As part of the BMC series, a collection of open access, peer-reviewed and community focused journals covering all areas of science, editorial decisions will not be made on the basis of the interest of a study or its likely impact. Studies must be scientifically valid. For research articles this includes a scientifically sound research question, the use of suitable methods and analysis, and following community-agreed standards relevant to the research field.

BMC Biomedical Engineering aims to publish work that undergoes a thorough peer review process by appropriate peer-reviewers and is deemed to be a coherent and valid addition to the scientific knowledge. It aims to provide an open access venue which allows for immediate and effective dissemination of research and enables our readers to explore and understand the latest developments, trends and practices in biomedical engineering. We believe that open access and the Creative Commons Attribution License [ 4 ] are essential to this, allowing universal and free access to all articles published in the Journal and allowing them to be read and the data re-used without restrictions. BMC Biomedical Engineering will work closely with the rest of the journals in the BMC series portfolio [ 5 ] to help authors find the right home for their research. We will highlight selected journal content through various promotional channels to ensure the research reaches its target audience and receives the attention it deserves.

Editorial sections

Many new technologies that have revolutionised biomedical engineering require the coalition of previously independent communities. 3D bioprinting of tissues and organs brings together methods from cell biology, biomaterials, nanotechnology and engineering and is being used for the transplantation of tissues, including skin, bone, muscle, soft tissue, cartilage and others [ 6 , 7 ]. The concept of tissue and disease modelling is being driven towards drug discovery and toxicology studies, aiming to increase the yield of drug testing by tackling limitations of current cell and animal models [ 8 ].

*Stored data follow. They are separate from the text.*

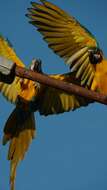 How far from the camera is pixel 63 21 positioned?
6.40 meters

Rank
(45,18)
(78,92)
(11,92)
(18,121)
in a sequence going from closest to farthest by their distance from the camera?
1. (78,92)
2. (45,18)
3. (18,121)
4. (11,92)

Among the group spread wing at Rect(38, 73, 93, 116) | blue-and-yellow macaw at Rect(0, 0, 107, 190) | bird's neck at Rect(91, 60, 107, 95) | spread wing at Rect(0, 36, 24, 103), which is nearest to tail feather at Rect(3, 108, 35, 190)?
A: blue-and-yellow macaw at Rect(0, 0, 107, 190)

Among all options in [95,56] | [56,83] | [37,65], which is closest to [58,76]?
[37,65]

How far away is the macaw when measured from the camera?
7.25 metres

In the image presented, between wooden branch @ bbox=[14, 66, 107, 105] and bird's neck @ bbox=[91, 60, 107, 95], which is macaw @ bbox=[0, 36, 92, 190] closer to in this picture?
bird's neck @ bbox=[91, 60, 107, 95]

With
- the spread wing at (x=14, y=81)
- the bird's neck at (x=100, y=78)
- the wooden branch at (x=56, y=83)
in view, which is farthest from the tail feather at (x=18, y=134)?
the wooden branch at (x=56, y=83)

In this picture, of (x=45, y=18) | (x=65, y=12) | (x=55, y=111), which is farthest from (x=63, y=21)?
(x=55, y=111)

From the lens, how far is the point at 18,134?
741cm

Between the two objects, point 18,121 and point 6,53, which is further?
point 6,53

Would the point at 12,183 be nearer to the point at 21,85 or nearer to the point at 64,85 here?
the point at 21,85

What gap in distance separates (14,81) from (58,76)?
0.74 m

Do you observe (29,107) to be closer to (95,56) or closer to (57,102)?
(57,102)

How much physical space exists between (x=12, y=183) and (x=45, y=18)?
1791 mm

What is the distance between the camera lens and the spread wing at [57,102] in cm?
747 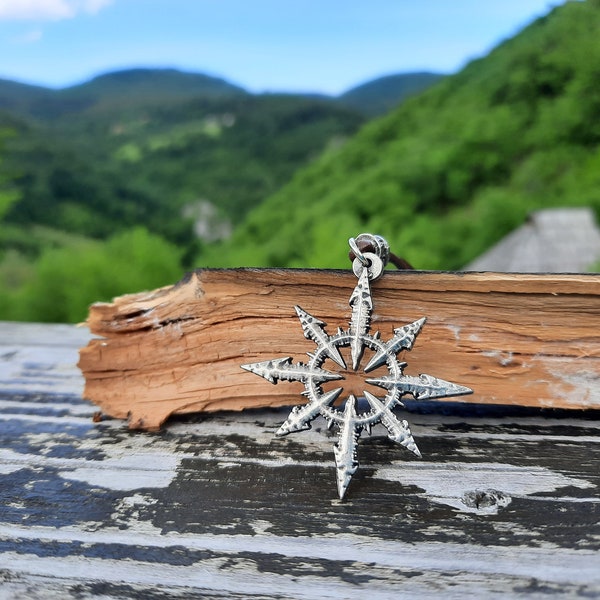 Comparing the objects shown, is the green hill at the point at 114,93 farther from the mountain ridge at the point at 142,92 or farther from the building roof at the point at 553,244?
the building roof at the point at 553,244

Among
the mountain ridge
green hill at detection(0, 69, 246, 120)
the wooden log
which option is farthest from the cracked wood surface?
green hill at detection(0, 69, 246, 120)

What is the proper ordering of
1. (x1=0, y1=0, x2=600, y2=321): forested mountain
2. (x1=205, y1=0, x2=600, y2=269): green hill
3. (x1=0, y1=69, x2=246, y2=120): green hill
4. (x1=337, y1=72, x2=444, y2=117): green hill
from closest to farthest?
(x1=205, y1=0, x2=600, y2=269): green hill
(x1=0, y1=0, x2=600, y2=321): forested mountain
(x1=337, y1=72, x2=444, y2=117): green hill
(x1=0, y1=69, x2=246, y2=120): green hill

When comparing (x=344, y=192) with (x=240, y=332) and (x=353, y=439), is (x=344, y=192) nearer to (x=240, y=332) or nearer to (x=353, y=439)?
(x=240, y=332)

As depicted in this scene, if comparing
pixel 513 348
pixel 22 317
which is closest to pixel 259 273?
pixel 513 348

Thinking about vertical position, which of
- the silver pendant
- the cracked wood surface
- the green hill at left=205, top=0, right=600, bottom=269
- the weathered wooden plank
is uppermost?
the green hill at left=205, top=0, right=600, bottom=269

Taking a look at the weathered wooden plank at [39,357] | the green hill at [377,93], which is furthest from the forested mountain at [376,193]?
the green hill at [377,93]

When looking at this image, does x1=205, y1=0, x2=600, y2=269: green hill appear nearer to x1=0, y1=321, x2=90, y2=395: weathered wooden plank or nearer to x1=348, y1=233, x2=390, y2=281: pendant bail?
x1=0, y1=321, x2=90, y2=395: weathered wooden plank

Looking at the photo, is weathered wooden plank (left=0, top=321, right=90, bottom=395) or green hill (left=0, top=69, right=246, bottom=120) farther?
green hill (left=0, top=69, right=246, bottom=120)

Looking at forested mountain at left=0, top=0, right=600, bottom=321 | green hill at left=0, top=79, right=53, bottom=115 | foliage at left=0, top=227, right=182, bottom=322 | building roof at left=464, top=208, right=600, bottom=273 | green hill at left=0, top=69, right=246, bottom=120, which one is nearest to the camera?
forested mountain at left=0, top=0, right=600, bottom=321

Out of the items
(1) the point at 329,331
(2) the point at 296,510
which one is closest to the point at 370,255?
(1) the point at 329,331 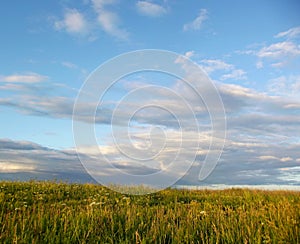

New approaches in natural and synthetic biomaterials have redefined bioelectronics. Silk fibroins and other unconventional interfaces can form flexible electronics and challenge the use of silicon-based technologies. For biomedical applications, these new approaches present advantages not only due to their biocompatibility and low cost, but also for their electromechanical and optical virtues [ 9 ]. Implantable probes are being redesigned so that they facilitate long term stability and high resolution, without perturbing the biological system or creating an immune response. Such technologies are now able to facilitate recordings of single neurons in vivo, in a chronically stable manner, with applications to the restoration of vision and retinal prosthetics [ 10 ].

For many years biomedical imaging has been connecting microscopic discoveries with macroscopic observations. Photoacoustic tomography (PAT) is now able to image large spatial scales, from organelles to small animals, at very high speeds [ 11 ]. In fact, single-shot real-time imaging can operate at 10 trillion frames per second and is finding applications in breast cancer diagnosis [ 12 , 13 ].

In the field of medical robotics, new approaches combine machine learning and artificial intelligence to strengthen the clinician’s decision making. Others are leveraging augmented reality (AR) to facilitate better immersion and more natural surgical workflows for computer assisted orthopaedic surgery [ 14 ].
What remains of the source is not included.